What needs to be done> The answer must consist solely of the lines below starting at the one containing "Phil Klein logged" and ending at the one containing "Load image into", repeated exactly, with both ends included and all pictures omitted.

Exercise materials>
▶
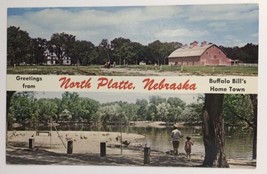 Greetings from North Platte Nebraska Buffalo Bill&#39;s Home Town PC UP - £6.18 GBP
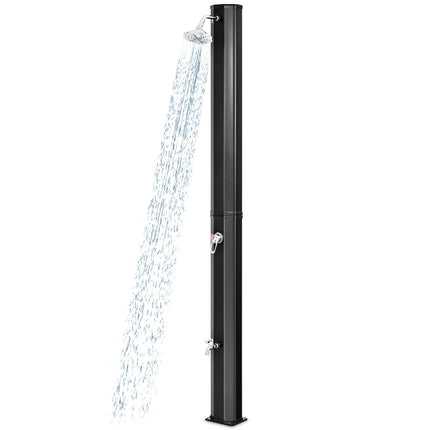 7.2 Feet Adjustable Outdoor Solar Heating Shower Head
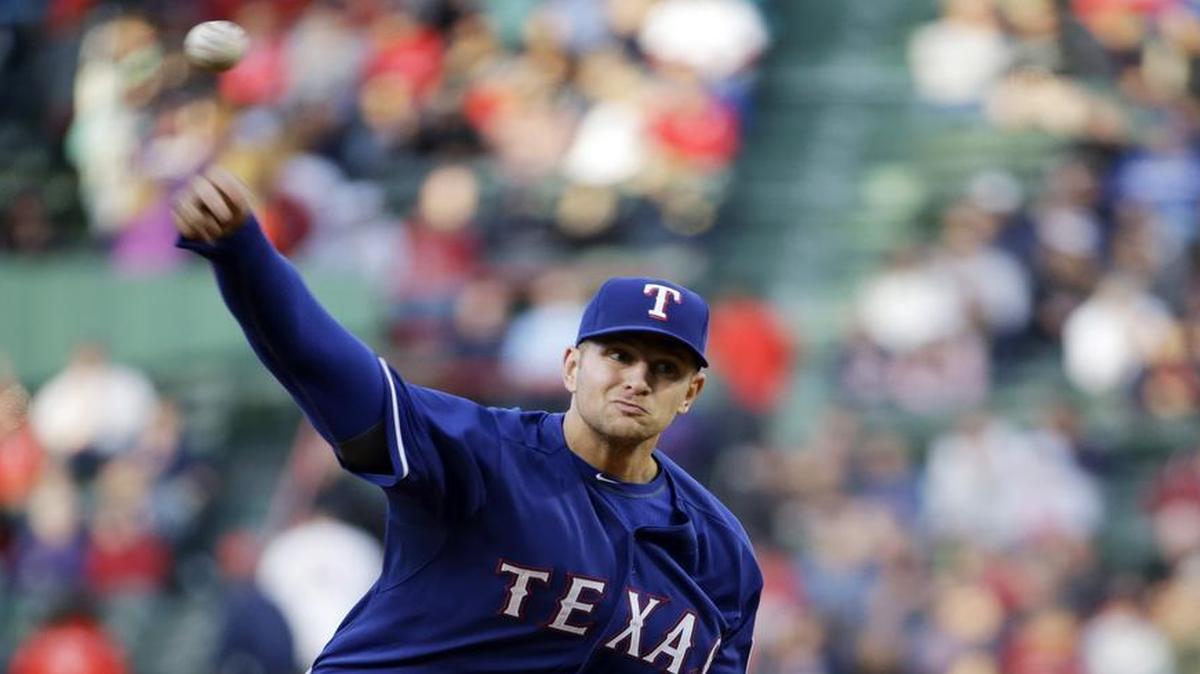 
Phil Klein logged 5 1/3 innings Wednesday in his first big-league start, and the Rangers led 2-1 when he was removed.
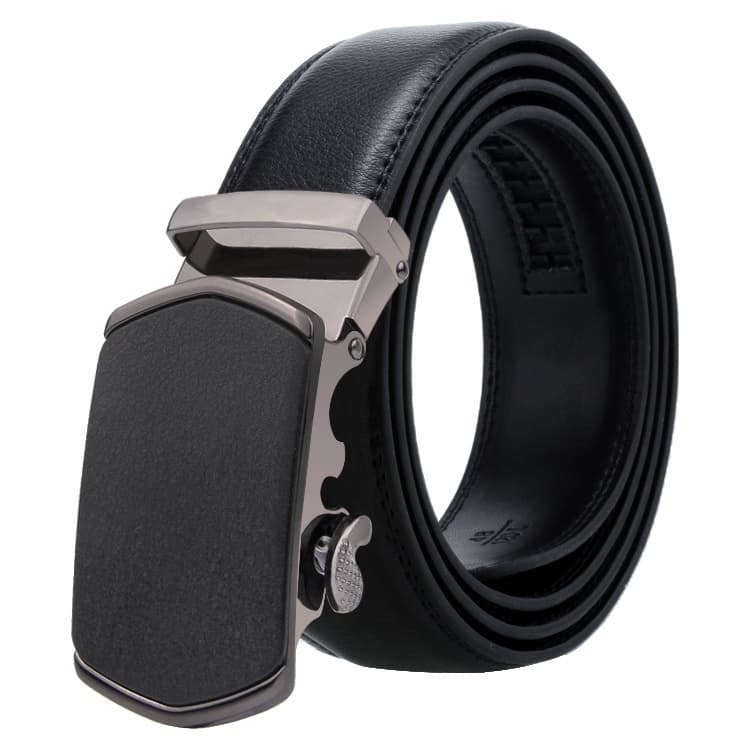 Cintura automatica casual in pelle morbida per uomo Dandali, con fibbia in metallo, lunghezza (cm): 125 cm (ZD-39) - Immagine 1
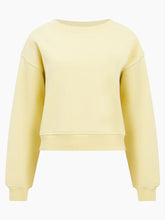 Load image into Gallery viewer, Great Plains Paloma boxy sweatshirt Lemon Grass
◀
▶
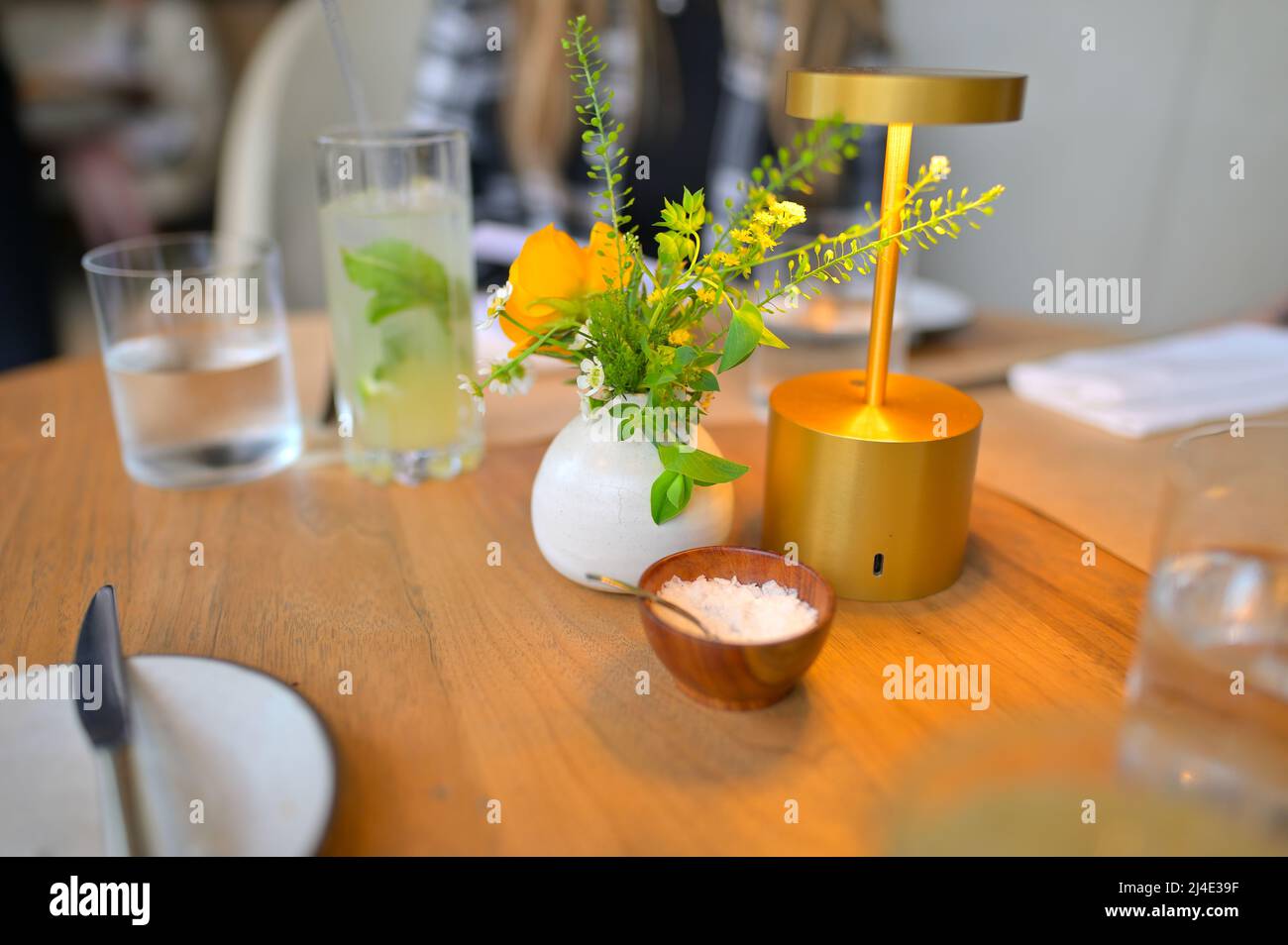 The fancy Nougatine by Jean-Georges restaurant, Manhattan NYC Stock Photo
◀
▶
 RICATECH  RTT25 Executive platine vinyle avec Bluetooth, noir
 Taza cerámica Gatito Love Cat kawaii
◀
Result for this exercise>
Phil Klein logged 5 1/3 innings Wednesday in his first big-league start, and the Rangers led 2-1 when he was removed.
 Cintura automatica casual in pelle morbida per uomo Dandali, con fibbia in metallo, lunghezza (cm): 125 cm (ZD-39) - Immagine 1
 Load image into Gallery viewer, Great Plains Paloma boxy sweatshirt Lemon Grass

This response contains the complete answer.